Problem description
Please restate word for word each line from the one containing "2020 Nissan QASHQAI Gallery Image 8" to the last line of the records below, and drop the pictures.

Extracted data
· · ·
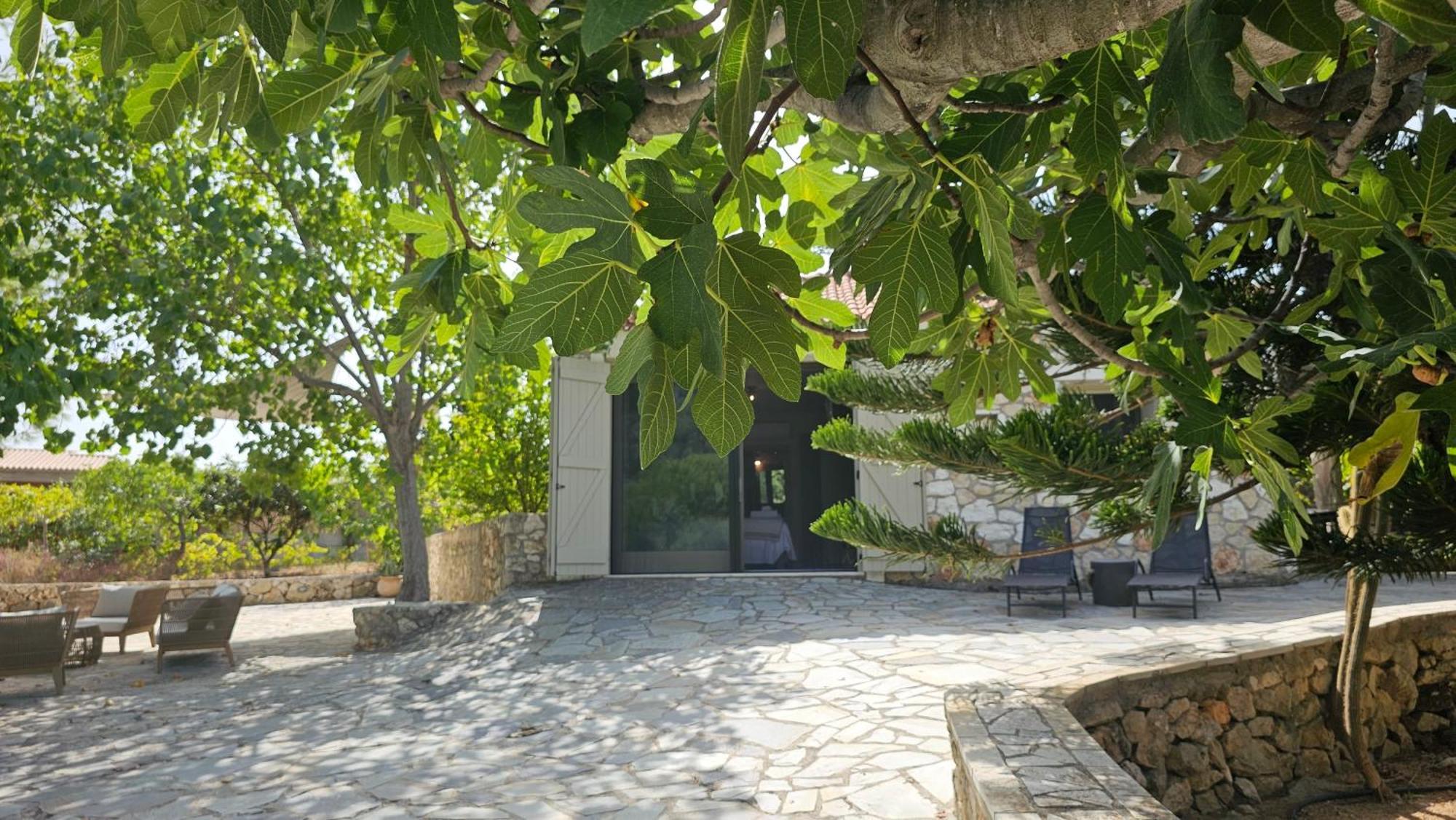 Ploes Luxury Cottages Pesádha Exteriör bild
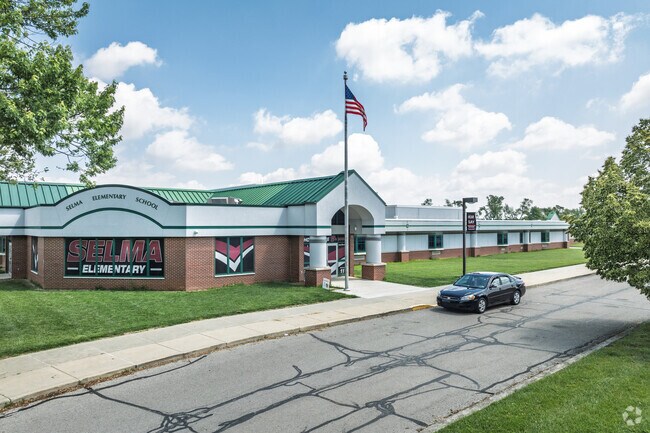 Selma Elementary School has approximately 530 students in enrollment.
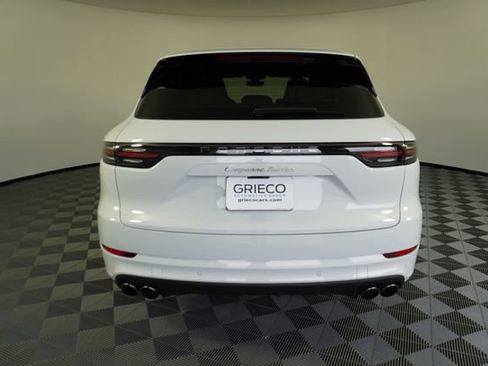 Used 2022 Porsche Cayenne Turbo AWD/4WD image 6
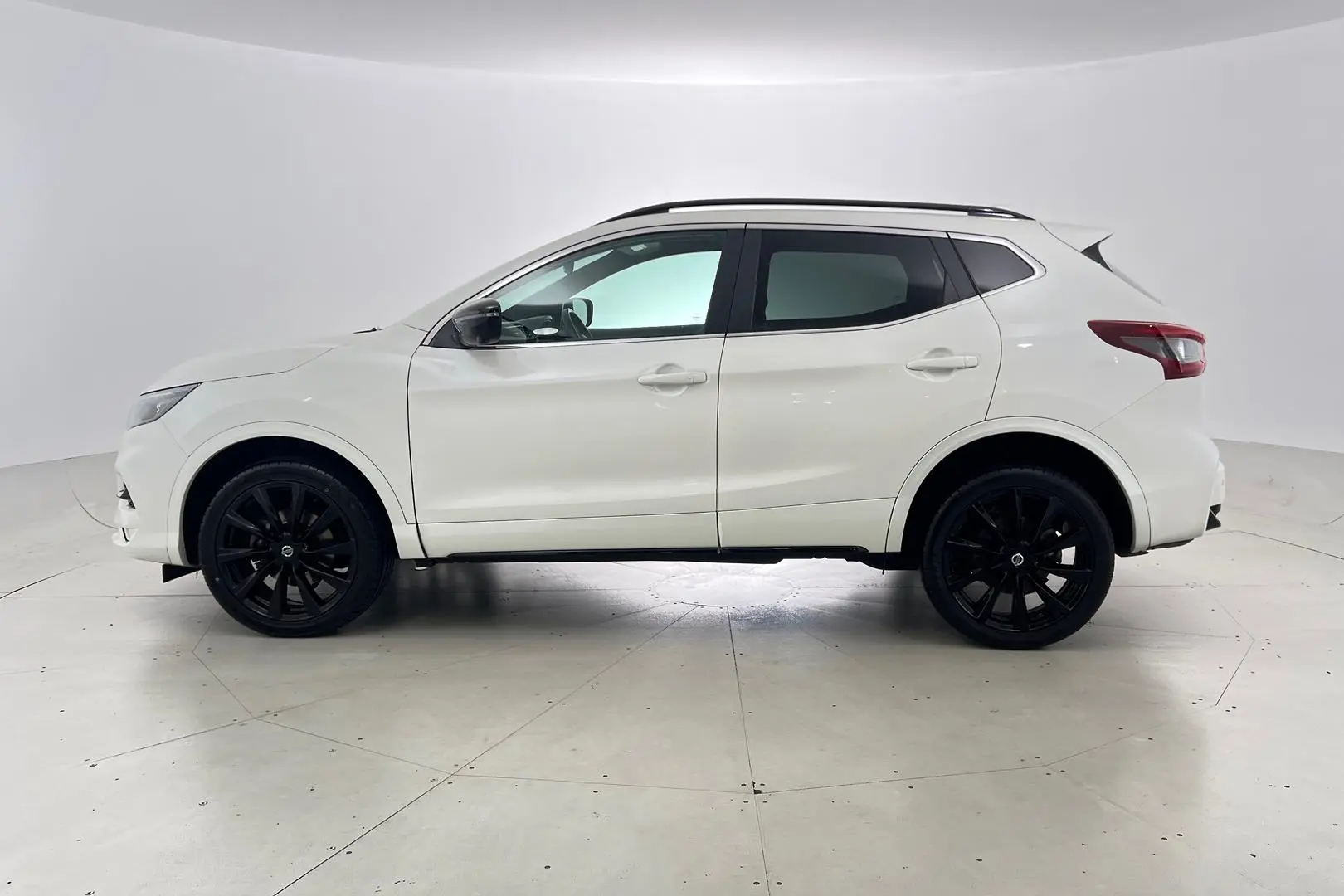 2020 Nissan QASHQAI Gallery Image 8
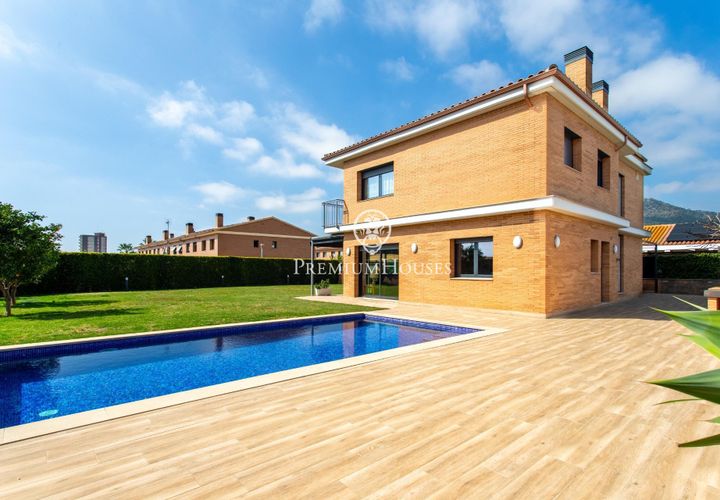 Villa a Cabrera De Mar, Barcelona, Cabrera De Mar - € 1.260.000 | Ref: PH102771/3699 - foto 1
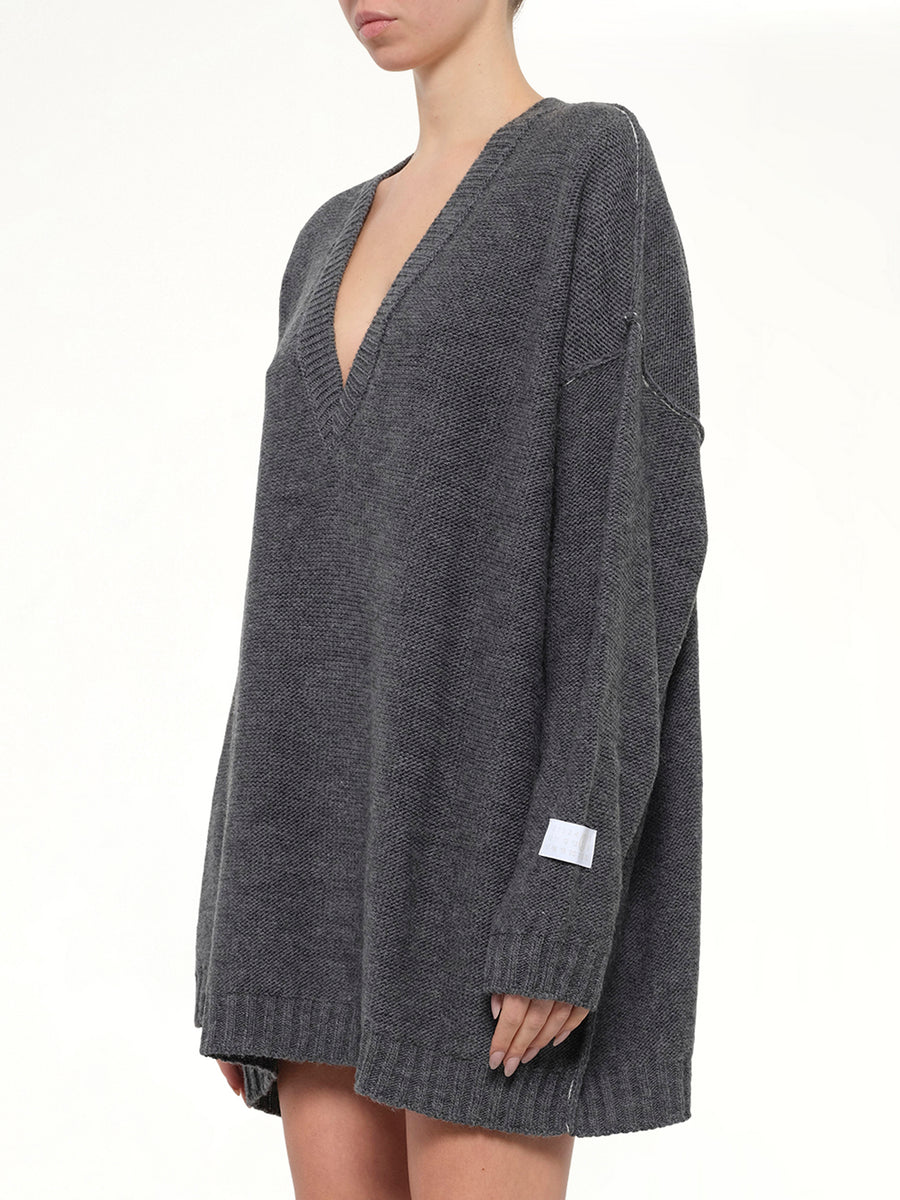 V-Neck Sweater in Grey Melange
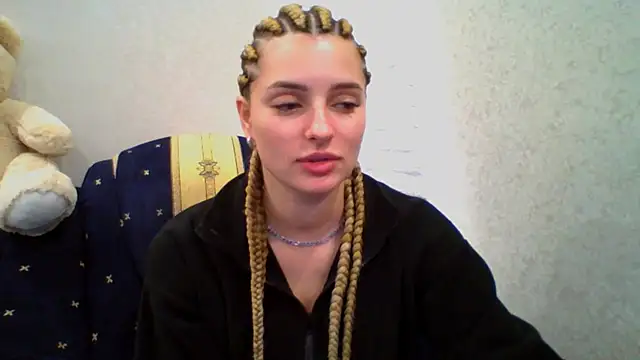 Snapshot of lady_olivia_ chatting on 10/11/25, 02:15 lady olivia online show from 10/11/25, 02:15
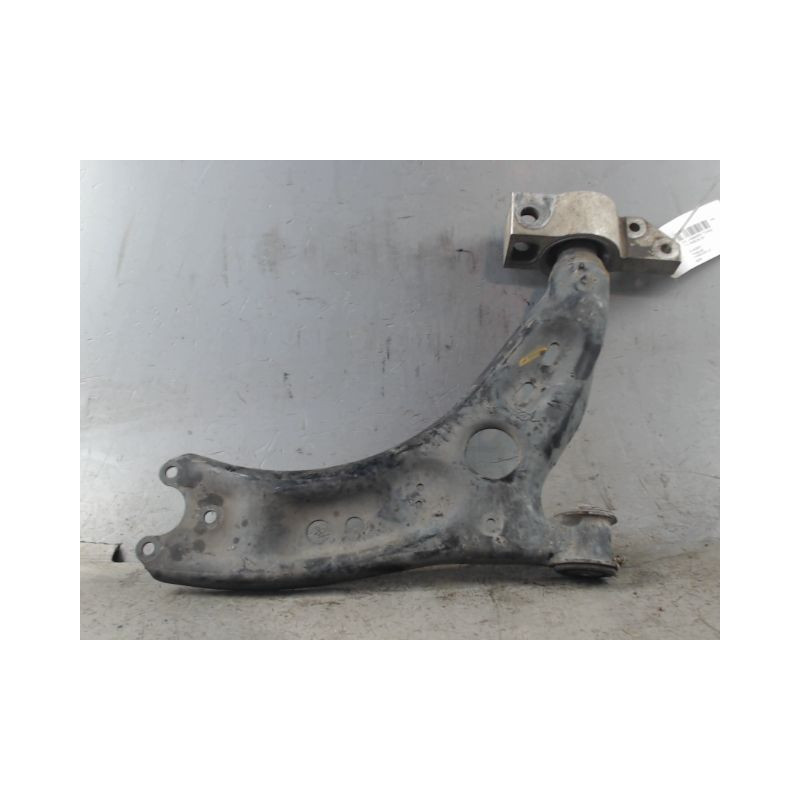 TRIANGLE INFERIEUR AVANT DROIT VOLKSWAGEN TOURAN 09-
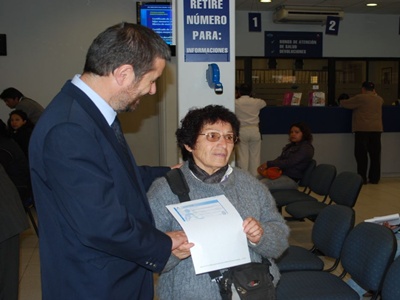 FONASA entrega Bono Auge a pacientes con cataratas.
· · ·
Exercise output
 2020 Nissan QASHQAI Gallery Image 8
 Villa a Cabrera De Mar, Barcelona, Cabrera De Mar - € 1.260.000 | Ref: PH102771/3699 - foto 1
 V-Neck Sweater in Grey Melange
 Snapshot of lady_olivia_ chatting on 10/11/25, 02:15 lady olivia online show from 10/11/25, 02:15
 TRIANGLE INFERIEUR AVANT DROIT VOLKSWAGEN TOURAN 09-
 FONASA entrega Bono Auge a pacientes con cataratas.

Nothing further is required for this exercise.